Was die Patientinnen damit meinen, ist die klare Struktur und Haltung, welche wir auf der Station innerhalb der Dialektisch Behavioralen Therapie (DBT) vertreten. Die professionelle Begleitung von Menschen mit einer Traumafolgestörung fordert vor allem viel „Commitment-Arbeit“ und bei den Pflegenden selbst eine klare Kenntnis über die eigenen Grenzen und die Selbstwirksamkeit.
In der Ausbildung zur diplomierten Pflegefachfrau HF war im Theorieunterricht die Rede von Compliance, Adhärenz und Konkordanz. Mit diesen Begriffen will beschrieben werden, wie aktiv oder bereit sich die zu pflegenden Personen innerhalb der Behandlung zeigen. In der DBT spricht man mehr von Commitment; also ob sich die Patientinnen und Patienten bekennen, bzw. verpflichtet zeigen, in Bezug auf ihre eigene Verantwortung währen des Therapieprozesses. Die DBT zeigt nämlich dann Wirkung, wenn die teilnehmende Person auch ihre Commitment-Bereitschaft zeigt. Traumatisierte Menschen leiden stark unter diversen Symptomen, welche teilweise durch die Behandlung erst mal verstärkt werden, bevor sie abnehmen. Dies verleitet logischerweise dazu, Dinge zu meiden, die zu mehr Konfrontation und somit Schmerz führen. Da bin ich als Pflegefachfrau dann am Zug und werde, wie einige Patientinnen sagen, fies. Ich fordere dann mein Gegenüber heraus, indem ich ihnen ihr Verhalten spiegle oder sie radikal konfrontiere. Dabei erlaube ich mir beispielsweise die Aussage; „Wir zwingen Sie hier nicht zu der Behandlung. Sie haben die Wahlmöglichkeit dies hier abzubrechen und weiterhin mit den Symptomen zu leben.“ Solch eine Konfrontation wird auch paradoxe Intervention oder in der DBT „Advocatus Diaboli“ genannt. Damit löse ich bei meinem Gegenüber aus, dass wieder klar wird, weshalb die Therapie in Anspruch genommen wurde und dass es daher notwendig ist, durch unangenehme Gefühle zu gehen um Genesung zu erfahren.
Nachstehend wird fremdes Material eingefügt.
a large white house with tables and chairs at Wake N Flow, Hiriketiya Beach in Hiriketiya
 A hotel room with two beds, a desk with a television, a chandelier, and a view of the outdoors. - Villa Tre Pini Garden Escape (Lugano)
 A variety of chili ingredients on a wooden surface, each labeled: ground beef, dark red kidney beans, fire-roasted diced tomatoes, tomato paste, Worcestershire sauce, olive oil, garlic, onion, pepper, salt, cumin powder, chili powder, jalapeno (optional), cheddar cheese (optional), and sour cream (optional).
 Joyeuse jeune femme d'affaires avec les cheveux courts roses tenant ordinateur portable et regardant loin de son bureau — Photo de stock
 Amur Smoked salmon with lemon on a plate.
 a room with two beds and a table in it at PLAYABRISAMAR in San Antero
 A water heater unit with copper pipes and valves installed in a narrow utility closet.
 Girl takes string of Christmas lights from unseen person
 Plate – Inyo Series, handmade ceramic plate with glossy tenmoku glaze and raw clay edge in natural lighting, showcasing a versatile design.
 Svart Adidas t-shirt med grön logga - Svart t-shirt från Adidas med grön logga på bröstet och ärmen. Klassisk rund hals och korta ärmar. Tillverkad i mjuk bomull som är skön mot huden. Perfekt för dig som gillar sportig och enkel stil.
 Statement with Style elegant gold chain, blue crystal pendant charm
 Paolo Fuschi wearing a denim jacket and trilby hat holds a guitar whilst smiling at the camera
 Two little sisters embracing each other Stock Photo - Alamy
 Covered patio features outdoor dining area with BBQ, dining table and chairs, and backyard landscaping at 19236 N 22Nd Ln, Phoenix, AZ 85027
Wenn ich als Pflegende solche Strategien in den Gesprächen anwende muss ich mir bewusst sein, was ich im Gegenüber damit auslöse und daher sicher sein, dass ich mit den aufkommenden Emotionen umgehen kann (meine Selbstwirksamkeit und die eigenen Grenzen kennen). Zum einen ist hierbei eine vertrauensvolle professionelle Beziehung notwendig, Selbstsicherheit, Fachwissen aber auch ein Stückchen Mut. Transparent, direkt und echt zu sein erleichtert mir aber auch die Arbeit in der Psychiatrie. Denn die Patientinnen und Patienten schätzen es ungemein, wenn wir uns authentisch und spürbar zeigen. So kann ich klar für meine persönlichen oder ebenso fachlichen Grenzen einstehen, darf kommunizieren, wann mir etwas zu weit geht oder ich nicht weiter weiss. Gleichzeitig hole ich mir Unterstützung oder verweise mein Gegenüber an jemand anderen aus dem interdisziplinären Team.
So erklärt sich nun, weshalb eine meiner Bezugspatientinnen meinte, ich sei zwar manchmal fies, aber dabei konstruktiv; also bewusst zielgerichtet.